A few days ago, I happen to watch (500) Days of Summer, which is doing a rotation on HBO. Although it has been described as a romantic comedy, it really isn't. It's really a "slice of life" movie about an average boy meeting an average girl and how they broke up. It's about Tom, an average-looking boy who grew up believing that there's "the one" out there for him and that fate will bring her to him; It's about Summer, an average-looking girl who for whatever reason, attracts the attention of men wherever she goes. She, however, does not believe in relationships and fate. She believes that things are just meaningless coincidences. They meet in Day (1) where Tom was totally obsessed with her. They hung out in Day (30). Summer said that she is not looking for a deep relationship but a casual one. They had sex in Day (34). And then between Day (34) to (209), Tom was wondering what they were doing since they were not dating but seems to be dating. And without warning in Day (209), she broke up with him (reason unknown). She ended up marrying someone that she met at a store.
Why am I telling you all this? Well, Fate. At the end of the show, Tom met Summer again in Day (490+) at a park (there was a discussion about whether this meeting really happened or it just happened in Tom's mind to bring closure). He told her that everything he believed in was a lie. That there is no fate. It's just coincidences. Here is a girl who can't be his girlfriend but is now someone else's wife. Summer said that she believes that Tom has been right all along. What happens if she decided not to go to the store that day? or was a few minutes late? would the meeting happen and would she get married?
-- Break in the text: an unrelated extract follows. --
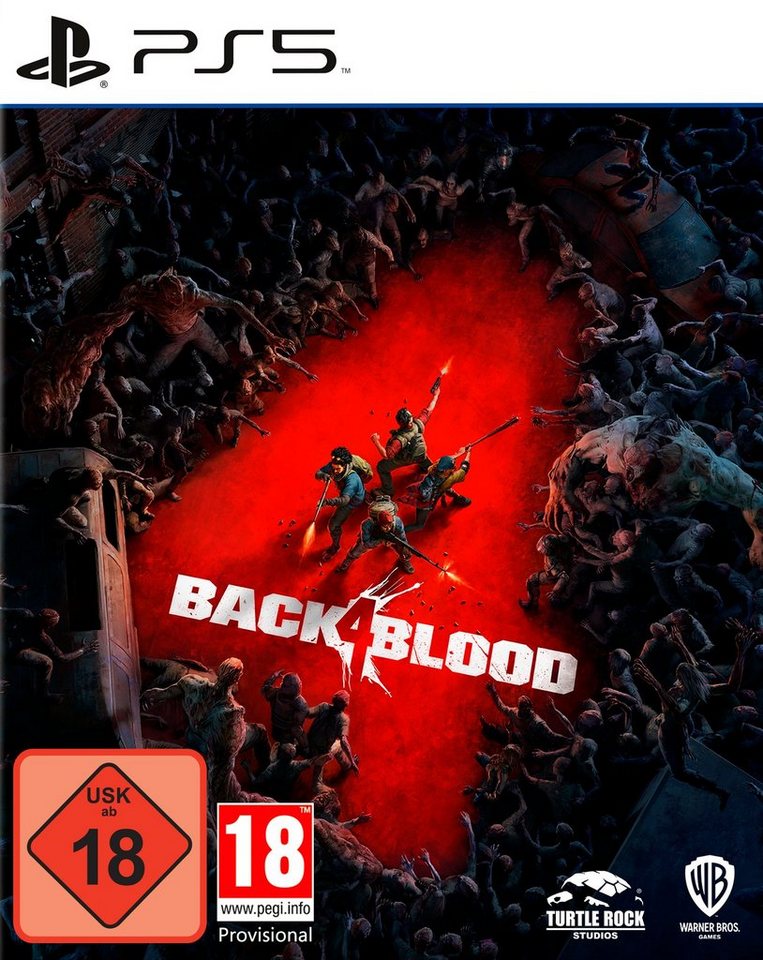 Back 4 Blood PlayStation 5 von Warner Games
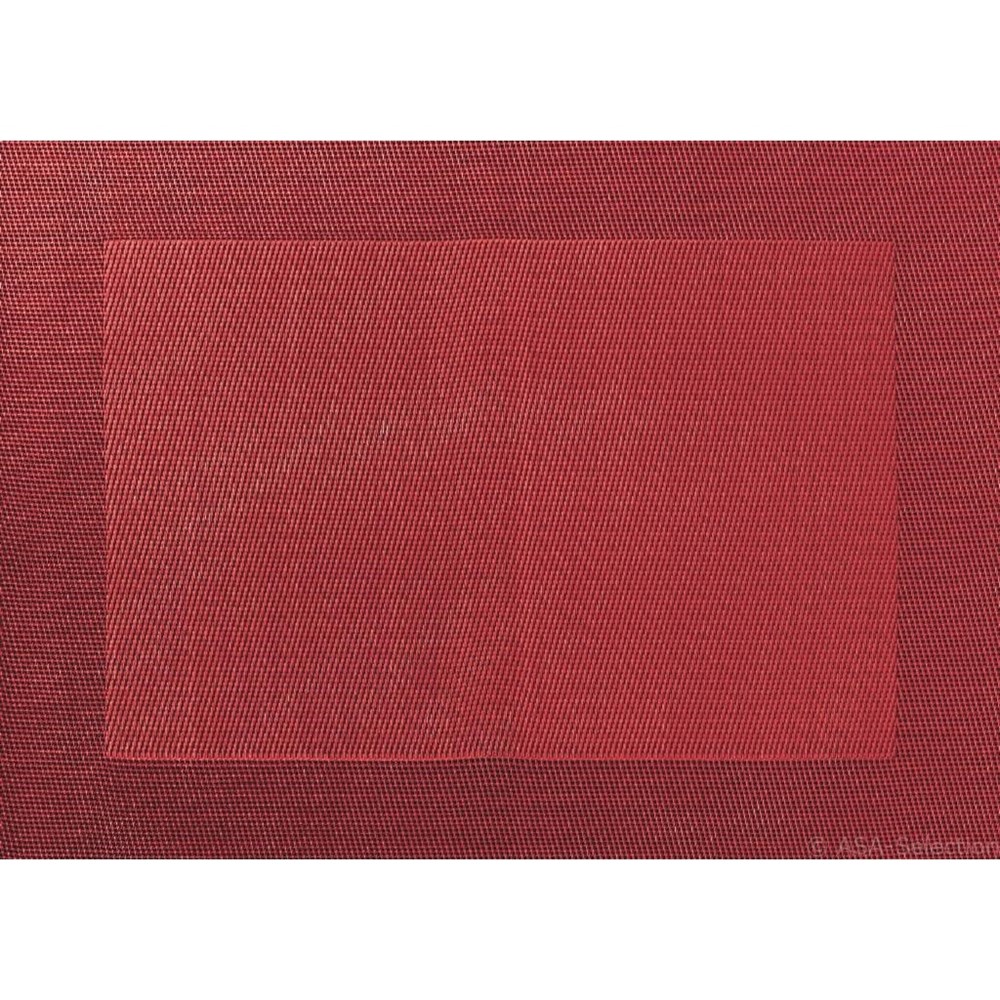 ASA Selection Prostírání 33 x 46 tmavě červená ASA Selection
In essence, Summer believed that Tom was right all along. He was just wrong about the girl.
Regardless of what you think about love and fate, this is a great movie. It's well produced, the writing is solid, the photography is stellar (I like the way it captured so many vignettes of small but significant things in their lives), and it brings up several philosophical questions about life and love. I would definitely recommend a watch if you have the time. It is like 8.0 stars on IMDB.
This got me thinking about fate. Lately, I have been struggling with some relationship issues and I have been wondering whether I was wrong about fate. I never believed that there is just one person that would make you happy. But I do believe that people are thrown together for a reason. I think that the people you can connect to in that manner are very hard to come by. Even my counselor agreed and said that most people don't even meet one. And when you do meet someone like that, you really want to hang on to it. I find myself in search for reasons to why things are happening. What lesson did I learn? Why are things happening now and not before? Was one event's closure clear the way for a second event? And why did the second event failed as well? All questions that really has no answer. Maybe there really is nothing and they are not connected. They may just be meaningless coincidences just loosely strung together. Personally, there's still a part of me that don't believe that.
I like it's cynicism but I also think the movie says that people should never stop searching, even if it's futile.
|Date:||September 28th, 2010 01:11 pm (UTC)|| |
Re: It is a good movie
Well, I would say that people will never stop searching because as humans, we all want to be connected to someone in some way. Not because we believe that there is a "one".
Which of course, also explains why there are so many failed relationships because people want it so much that they don't see the obvious. Which, I think, is one of the points in the movie.